A reference can make or break your career. So make sure you're not being undersold, says Susannah Kirkman

Are your job applications hitting a blank wall? If you find that brilliant credentials never land you your dream job, it might be worth checking the quality of your references.

Teachers are particularly vulnerable to bad references, according to John Meredith, principal industrial relations officer at the National Union of Schoolmasters Union of Women Teachers. "The problem is what heads say over the phone," says Mr Meredith. "It's very common for them to ring each other to discuss job candidates."

Unfortunately, verbal "off the record" comments are hard to track down and even harder to correct. The workplace campaigning body, the Work Foundation, says that employers should not express an opinion unless they can show objective evidence to support it. But unless you have bugged the head's office, it may be impossible to find out whether unfair comments have put off a potential employer.

One irony for teachers is that those with a good record may get a "bald" reference with only basic details provided because the head doesn't want to lose them, according to Ken McAdam, member adviser at the Association of Teachers and Lecturers.

Another disadvantage is that references are taken into account far earlier in the selection process than in other professions where they will usually only be checked once the selectors are seriously considering offering a job.

"In practice, most schools consider references at an early stage; governors are not experts in selection procedures and often look at references for guidance," says Mr Meredith.

Written references are easier to challenge.
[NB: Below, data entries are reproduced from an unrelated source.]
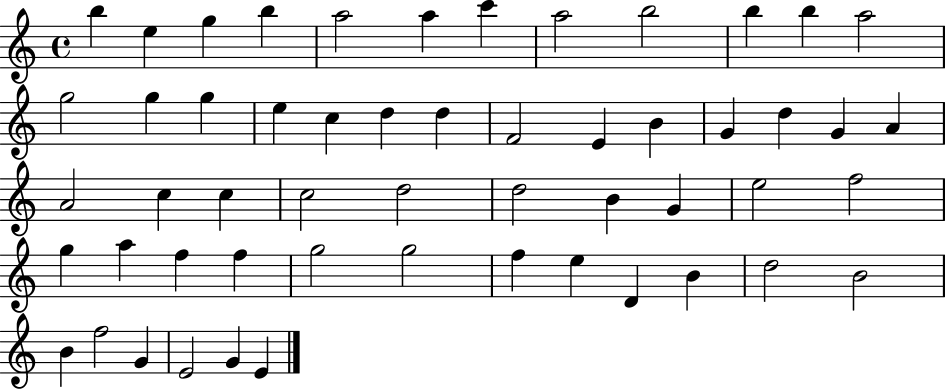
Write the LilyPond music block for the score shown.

{
  \clef treble
  \time 4/4
  \defaultTimeSignature
  \key c \major
  b''4 e''4 g''4 b''4 | a''2 a''4 c'''4 | a''2 b''2 | b''4 b''4 a''2 | \break g''2 g''4 g''4 | e''4 c''4 d''4 d''4 | f'2 e'4 b'4 | g'4 d''4 g'4 a'4 | \break a'2 c''4 c''4 | c''2 d''2 | d''2 b'4 g'4 | e''2 f''2 | \break g''4 a''4 f''4 f''4 | g''2 g''2 | f''4 e''4 d'4 b'4 | d''2 b'2 | \break b'4 f''2 g'4 | e'2 g'4 e'4 | \bar "|."
} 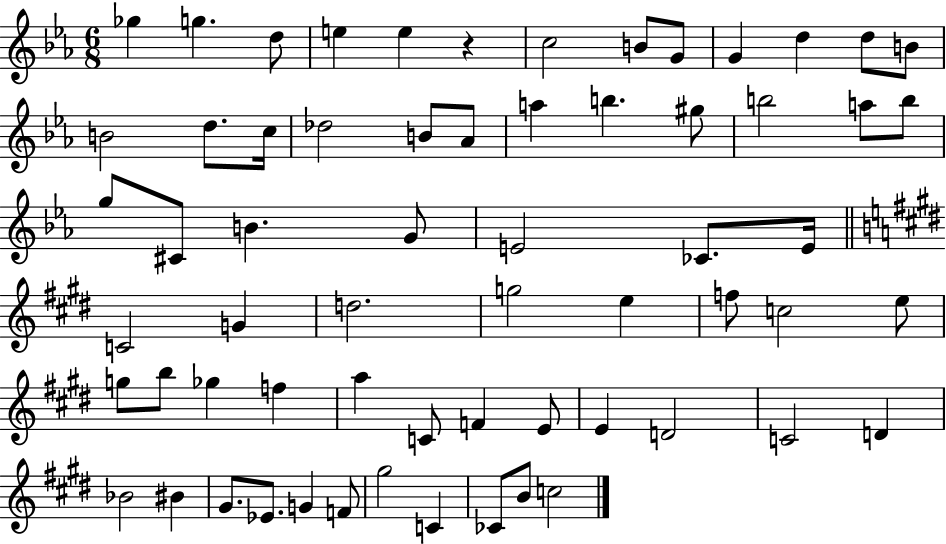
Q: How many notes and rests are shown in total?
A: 63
Some local authorities have an "open reference" policy which gives employees the right to see their references. But contrary to popular myth, the Data Protection Act does not give you the right to see your reference if it was given "in confidence".
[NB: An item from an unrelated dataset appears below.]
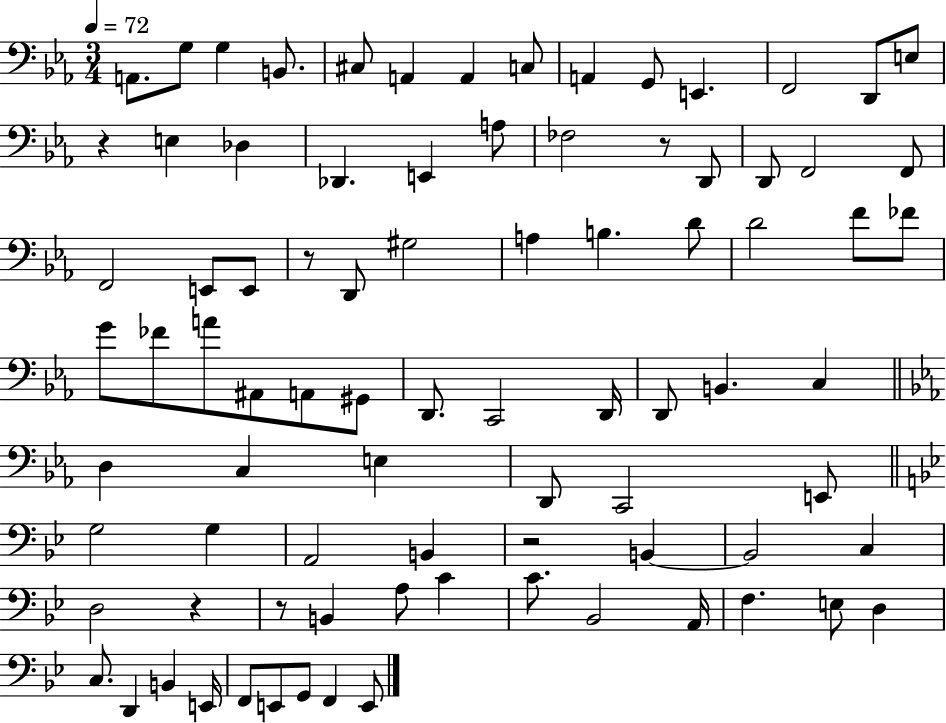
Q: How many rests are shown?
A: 6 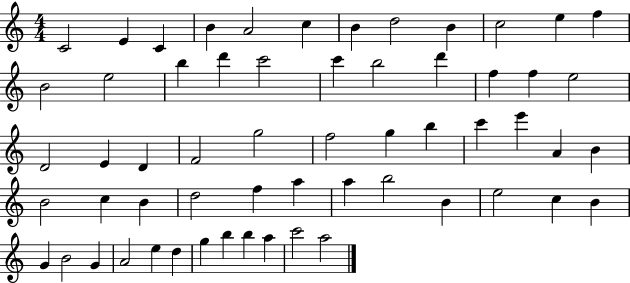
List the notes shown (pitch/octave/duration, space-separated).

You may ask a potential employer if you can have a copy, but they are entitled to refuse unless the writer of the reference has given permission.

Yet employers do not have carte blanche to mislead. The High Court has several times confirmed that employers have a duty to provide a reference which is "true, accurate and fair" and which does not give "an unfair or misleading impression overall".

Employers who provide inaccurate references can be sued for negligence.

Employers are also on dodgy ground if they include complaints in the reference which the employee is unaware of and has had no chance to comment on. The Employment Appeals Tribunal has indicated that employers should inform people of criticism about their work before this is included in their reference.

So what can you do if you suspect that a negative reference is fouling your career? Mr McAdam suggests that you approach your headteacher in a friendly and open way and ask to discuss your reference. You can explain that a supportive reference is very important to you, and that you are happy to discuss any concerns regarding your performance.

You could also use the debriefing session following an unsuccessful interview to ask about your references. If they are unflattering, the school you are applying to will often be prepared to drop you a hint.

But if you catch sight of your reference on the school secretary's desk, or even in the photocopier - which is more common than you might think, according to Mr McAdam - contact your union immediately if there are libellous or inaccurate comments. Unions will help members to take up the issues with the headteacher.